OECD urges countries to step up support for fragile growth

The OECD's chief economist Catherine Mann warned that "overall, the euro area is grinding to a standstill and poses a major risk to world growth..."

Paris: The OECD on Thursday called on the world's leading countries to step up measures to support flagging global growth, in particular urging the ECB to overcome its reluctance and undertake quantitative easing.

It made the appeal in an early update to its global economic forecasts before G20 leaders hold a summit next week in Australia.

Noting that risks to the global economy remain high and market volatility may rise, OECD chief Angel Gurria warned of an increasing risk of stagnation in the eurozone that would further darken already gloomy global economic skies.

"Countries must employ all monetary, fiscal and structural reform policies at their disposal to address these risks and support growth," he said.

The Organisation for Economic Cooperation and Development, which provides economic analysis and advice to its industrialised country members, lowered its forecast for global growth this year by a tenth of a percentage point to 3.3 per cent.

For 2015 it cut the forecast by two tenths of a point to 3.7 per cent growth.

It left in place its forecast for the 18-nation eurozone to grow by 0.8 per cent this year and by 1.1 per cent in 2015.

The OECD's chief economist Catherine Mann warned that "overall, the euro area is grinding to a standstill and poses a major risk to world growth..."

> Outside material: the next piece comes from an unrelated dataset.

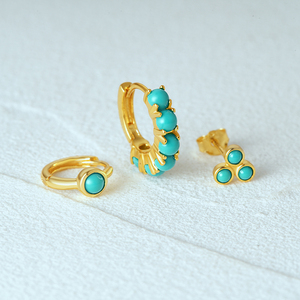 CANNER Juego de 3 Piezas de Aretes de Plata S925 con Turquesa, Aretes de Aro y Perno para Mujer, Joyería Chapada en Oro de 18K - Product Image 2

The organisation urged the European Central Bank to expand its monetary stimulus programme given the very weak economy and the risk of deflation.

"This should include a commitment to sizeable asset purchases ('quantitative easing') until inflation is back on track," it said, adding that the purchases could include government bonds, which the ECB has so far shunned due to political sensitivities in Europe about the central bank underwriting government spending.

The purchase of government bonds was the main element of the recently ended quantitative easing programme by the US Federal Reserve, and Japan last week stepped up its asset purchases in order to support growth.

The ECB left its interest rates at record lows at its monetary policy meeting Thursday, and while ECB chief Mario Draghi did not announce new asset purchases, he said the bank was preparing to undertake additional measures if necessary.

The ECB has so far focused its new monetary stimulus, designed to spur lending and investment by buying financial assets, on packages of loans known as asset-backed securities (ABS) and corporate bonds.